Nearing home, the path was dotted with old tracks joining our own—here whitetail deer, here a lone dog walker. And yet, as we followed the footprints back toward home, we couldn’t help but think them a temporary thing, the walls of 180 foot Ponderosa Pine, White Pine, Grand Fir, and Western Larch closing behind us as soon as we stepped through them.

a newborn foal
steps lightly
toward the snow fence

But as we rounded the corner, our house appeared and the world grew smaller. After we set our snowy boots by the heater and piled our coats in the closet, we gathered around the kitchen table to laugh and tell stories of other days—other hikes, other climbs. Old hailstorms, old sunburns, old broken twigs that snagged at our packs. The day’s icy breeze all but forgotten, we breathed, instead, the steam from soup bowls. The windows began to thicken, darkening to solid panes hanging motionless behind the couch. And before I knew it, I was slipping into my cozy bed, eager for the kind of dreamless sleep that follows.

summer windows wide—
we sleep and wake
to the old brook’s babble

It wasn’t until the next day that we heard of the earthquake in Japan, nearly 5,000 miles away. Two fronts: here the river’s familiar rush; there the seismic thundering, like the pounding hoofs of a coming army, and the following spread of the tsunami’s tide. We spent the whole day watching the terrible, terrible videos, as if humans could capture its shape.

Earth rises up—
the road’s border

 *   *   *

November 17, 2011


I am reading about disaster. They say the Tohoku earthquake has made our days shorter. It has jolted the whole Earth, redistributed mass, and changed the planet’s axis. We wobble different. We don’t notice it, but we spin faster.

and reimagining
the seawall’s height

I close the book and take a break outside. Snow has fallen. I do not feel like trudging through it. I packed away my clunky boots last year and have not had the heart to dig them out yet. I guess I’m clinging to the hope that the last few years really were abnormal—that the usual winter weather really is milder. Even the librarian said winters haven’t been like this around here since she was a kid.

watching home movies—
mother tries to outwait
the fast-paced blizzard

Or maybe I’ll just get used to it—so the cold and snow will no longer shock me. I forgo my usual route on the unplowed, paved bike path and walk up the road instead. Not as abandoned as a fire road, but still, a road that remains impassable for a large part of the year. Today, I follow tire tracks.

the squirrel’s scamper
frozen white

It is odd—uncanny. I am a hundred feet southwest of my normal path—a path I have walked so many times that I have memorized every bend, every crest, nearly every tree branch and pine needle lining its sides. I try to figure out how far I have walked by recognizing landmarks, but my “open field” looks like a small lawn from here. My “big rock” is barely visible. The other end of my “steep deer trail” is nowhere to be seen. There are different tree stumps—different hills. The few places where I can see my path through the trees, it seems so high up, so level. I am only feet away, but everything is just different enough to unnerve me.

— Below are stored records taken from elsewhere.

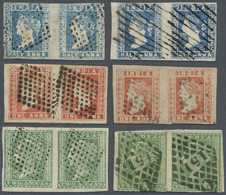 /O Indien: 1854 Six Different Pairs Used, With Even Two Pairs Of Different Colour Shade Of ½a. Blue, 1a - Other & Unclassified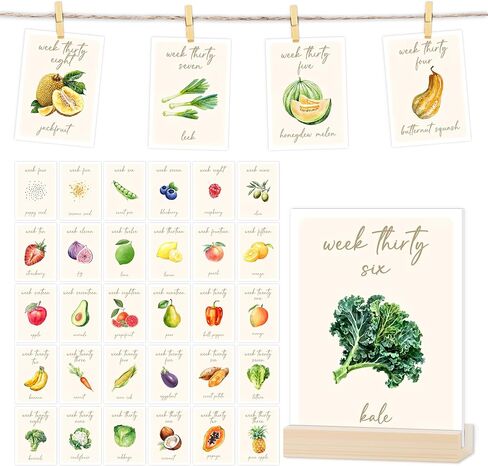 Fruit Veggies Pregnancy Announcement Cards, 37 Pcs Retro Baby Tracker Weekly Milestone Sign, Locally Grown Baby Shower Decor, Expecting Mom Farmers Market Countdown Maternity Gifts(03) in Saudi Arabia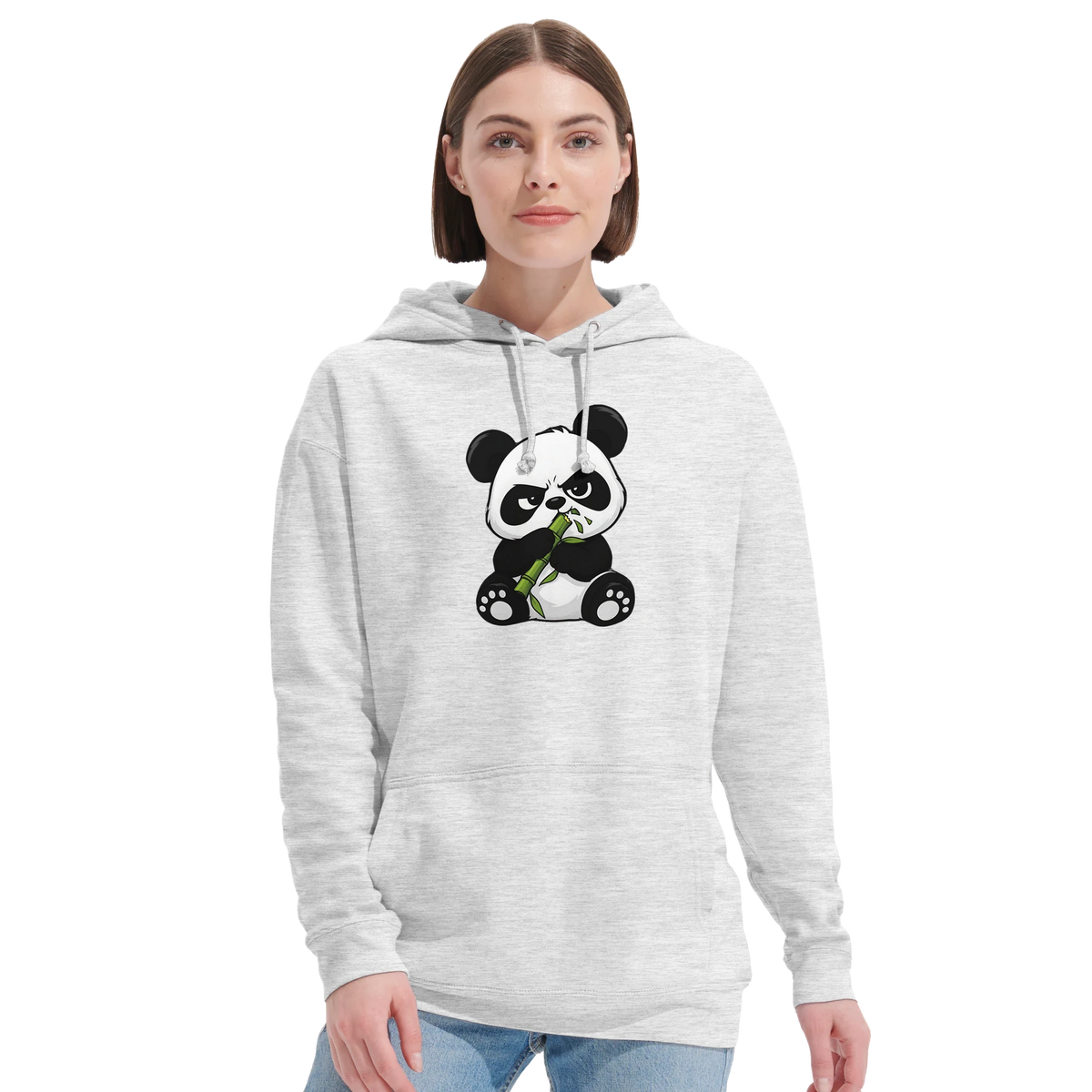 Grumpy panda eating bamboo hoodie, recycled blend unisex – LQQV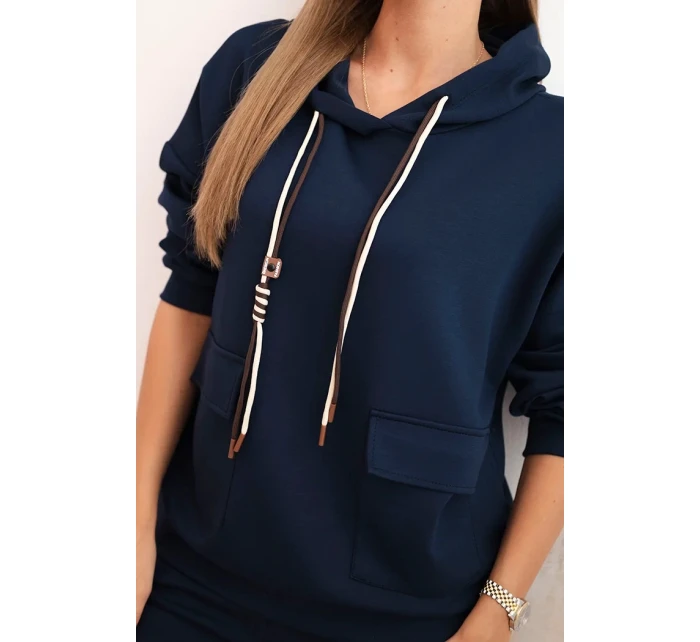 Komplet dámský máslový mikina s kapucí a kalhoty s páskem modrý Komplet dámský máslový mikina s kapucí a kalhoty s páskem modrý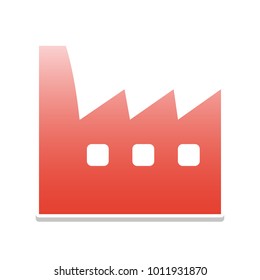 Factory sign illustration. Vector. Reddish icon with white and gray shadow on white background. Isolated.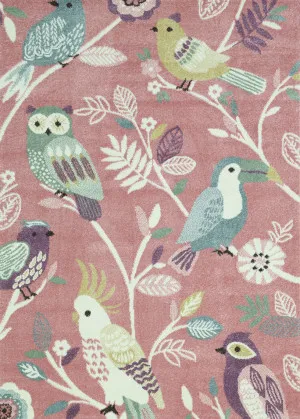 Tiny Dancer Bright Birds Pink Kids Rug by Wild Yarn, a Contemporary Rugs for sale on Style Sourcebook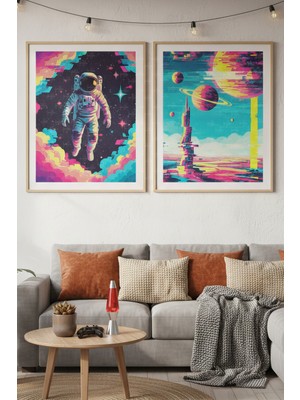 Tontilika Astronot ve Gezegenler 2’li Ahşap Çerçeveli Tablo Seti - Retro Uzay Dekoru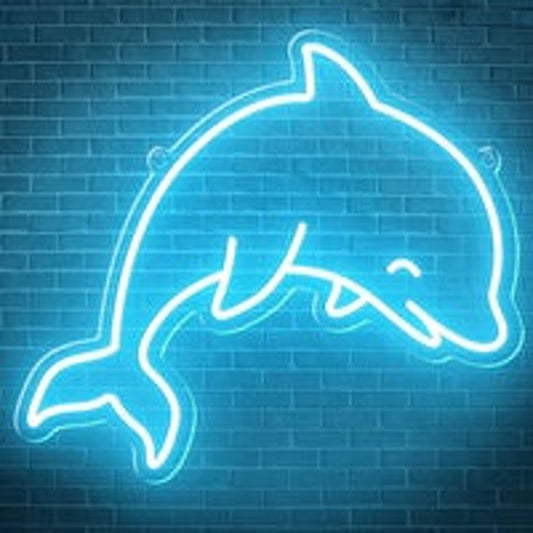 Adorable Bright Light Blue Happy Dolphin LED Night Light Room Wall Decoration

It is like going inside your neighbor’s house for the first time. Based on their pristine mailbox and tidy windows, you had not expected the clutter. This dark and ugly, grey brick around the fireplace. And what is that strange smell?

my shadow

I am happy to be home. I will find my boots for tomorrow.

my signature
what you know

*   *   *

March 11, 2012


a controlled burn—
clearing the garden
of old weeds

The river ebbs and flows. Floods every spring. It feels strange, after last year’s devastation, that everything’s so unchanged. I still smile. I still hike the same path.

Note—the same exposed roots that appeared last March. The same fallen trees. The island where the river braids, the planes of flooded grass, the banks of dried mud. The same water stained snag full of woodpecker holes—marking the strength of the river’s surge.

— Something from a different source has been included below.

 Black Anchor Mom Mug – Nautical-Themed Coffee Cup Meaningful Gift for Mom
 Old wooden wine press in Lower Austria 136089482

Only maybe that one tree, further up the river, has slid down the muddy slope this spring instead of last. We had not gone this far last year. It is hard to tell, but its needles are so green—and no moss drips from its underside.

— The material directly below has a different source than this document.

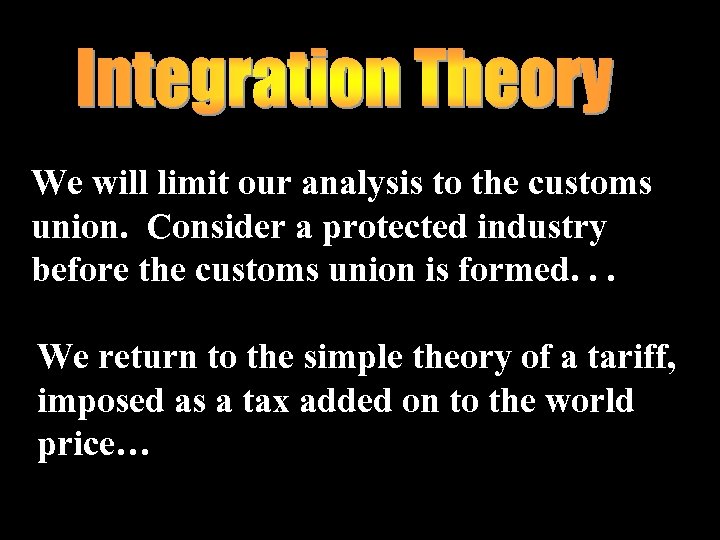We will limit our analysis to the customs union. Consider a protected industry before
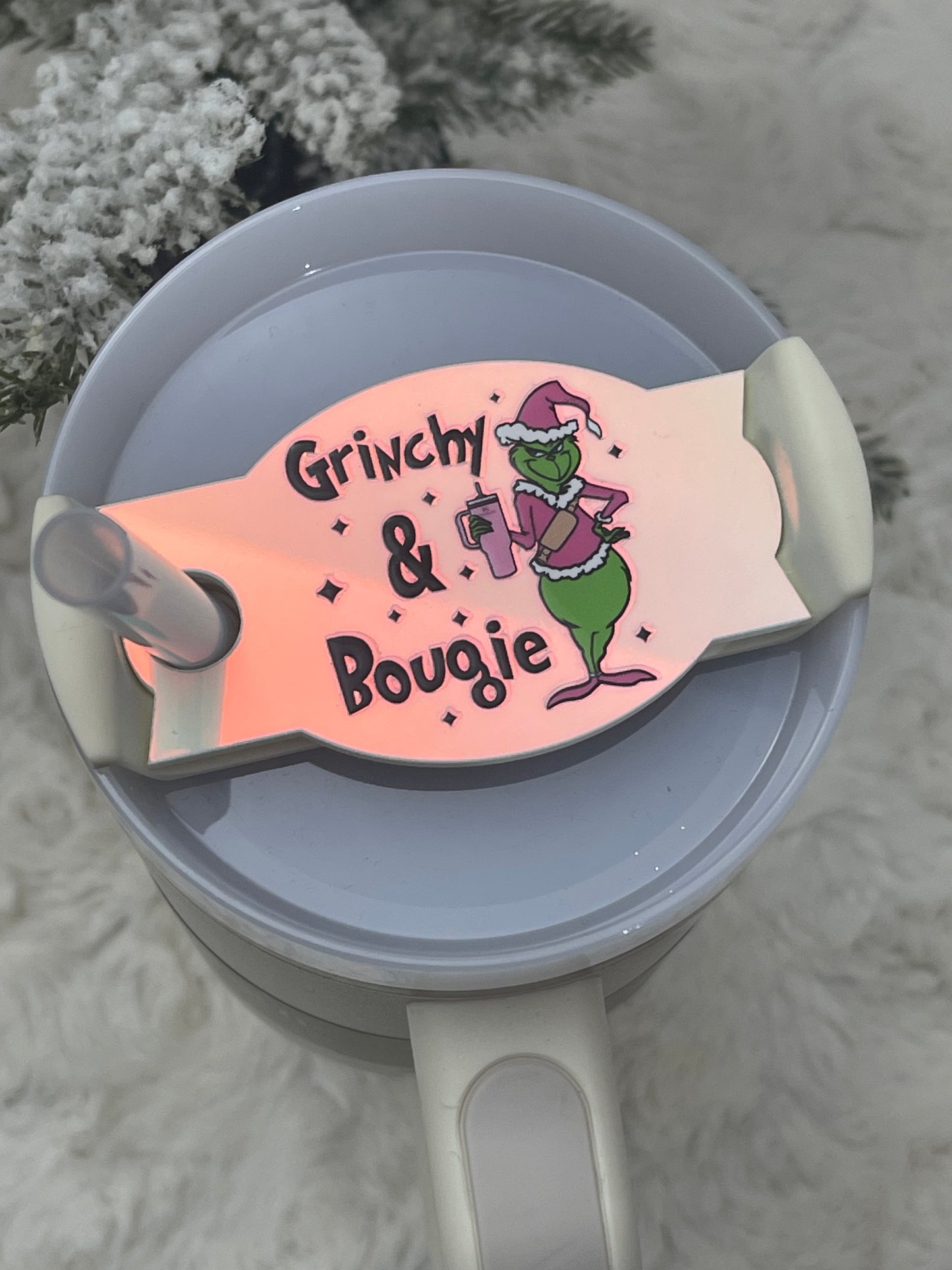 Grinchy and Bougie Cups Name Plate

And there are other changes. Men came with a dump truck and re-graveled the path. The large, fallen yellow pine that had blocked the trail is now sawed in half. And the flood-carried, old tree trunk that had been left hanging so precariously, spectacularly, wedged, bridging the riverbanks after the waters receded, is now gone.

cracked footprints
in spring rain

No. This is it, swept half a mile downstream, moored in the grassy floodplain.

shadows too

It is so much warmer than it was this same time last year, but as the sun sets, a bone-chill follows. The river, the trees, all give up their heat in a ghostly fog. A keening, a swan song in the cold night. But eventually winter will lose the battle—summer will win. It always does.

red in the morning—
this spring heat
is earthquake weather

I hurry home through the river’s valley, the fog thickening. The darkness thickening. Fog, more fog, and instead of the trees, instead of the hills and mountain, I can see only a single floating light—a beacon that I had never noticed before. It must be a porch light—a hidden house. As I walk the wending path, the light disappears, then reappears. I am tired. I am thirsty. I am done with this. I keep heading toward the light, the same direction as my own home. Toward civilization. I trudge onward—blindly through the hills I reason must be periodically blocking my view—my savior—that lone, shining spot.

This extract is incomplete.